== Problem ==
Within the records below, find the line with "Bandana lila hecha" and the line with "Sol And Selene", then reproduce exactly those two lines and all lines between them, without any picture.

== Exercise data ==
____

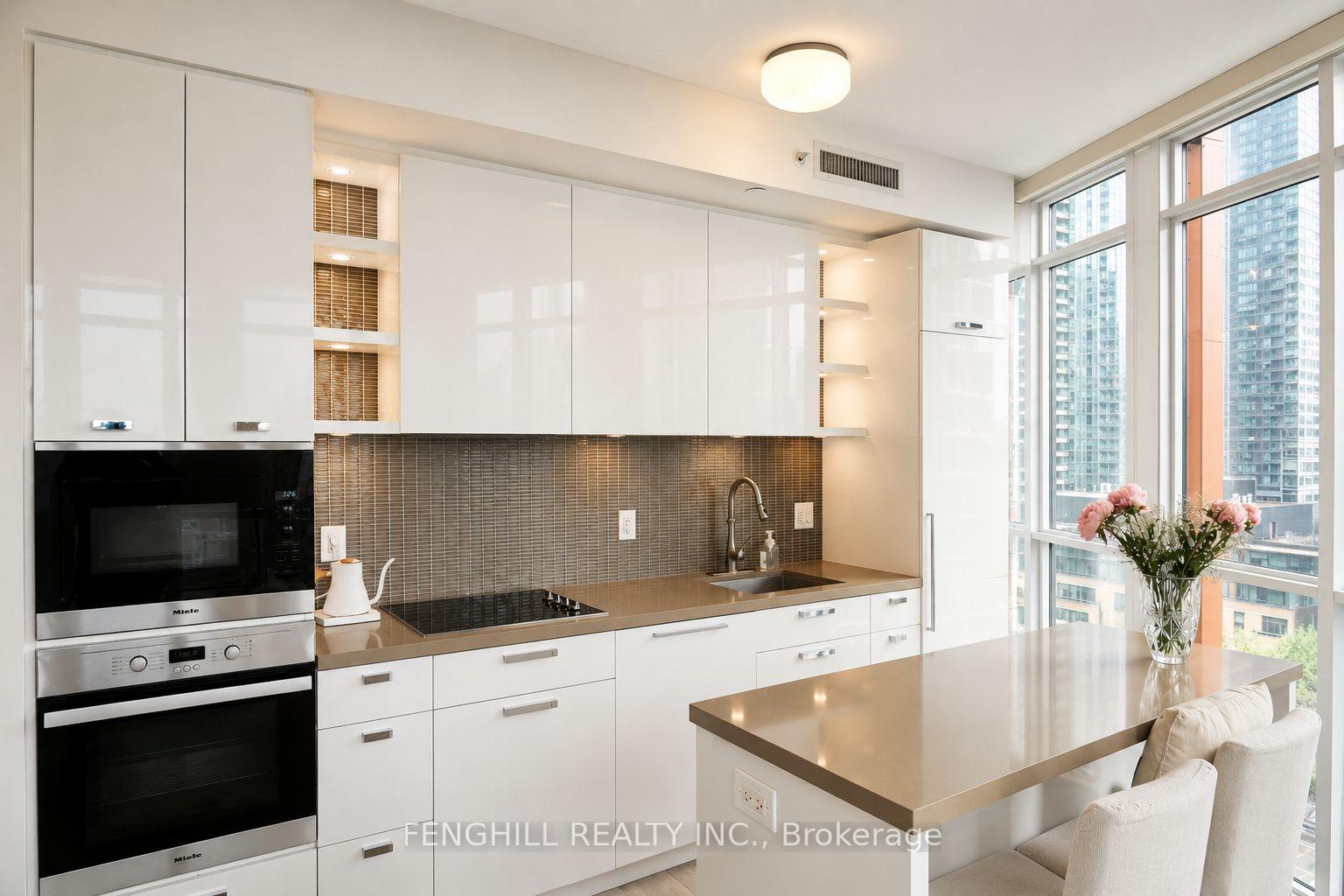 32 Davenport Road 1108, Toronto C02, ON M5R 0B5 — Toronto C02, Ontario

____

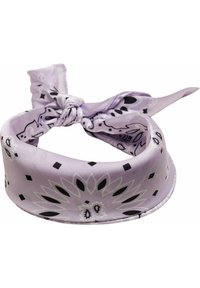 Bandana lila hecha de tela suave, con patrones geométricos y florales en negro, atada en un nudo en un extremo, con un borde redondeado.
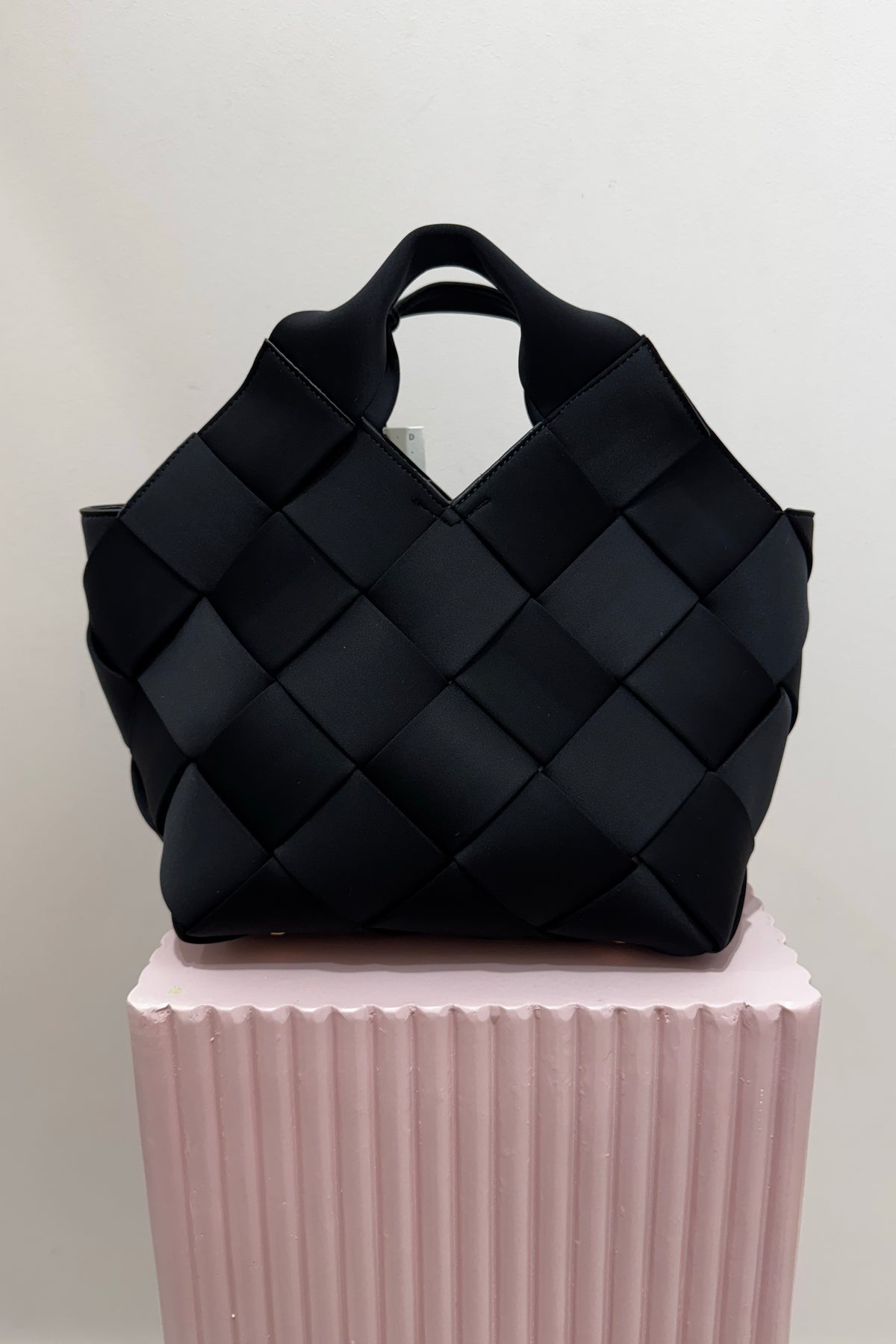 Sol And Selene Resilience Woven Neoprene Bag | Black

____

== The completed task ==
 Bandana lila hecha de tela suave, con patrones geométricos y florales en negro, atada en un nudo en un extremo, con un borde redondeado.
 Sol And Selene Resilience Woven Neoprene Bag | Black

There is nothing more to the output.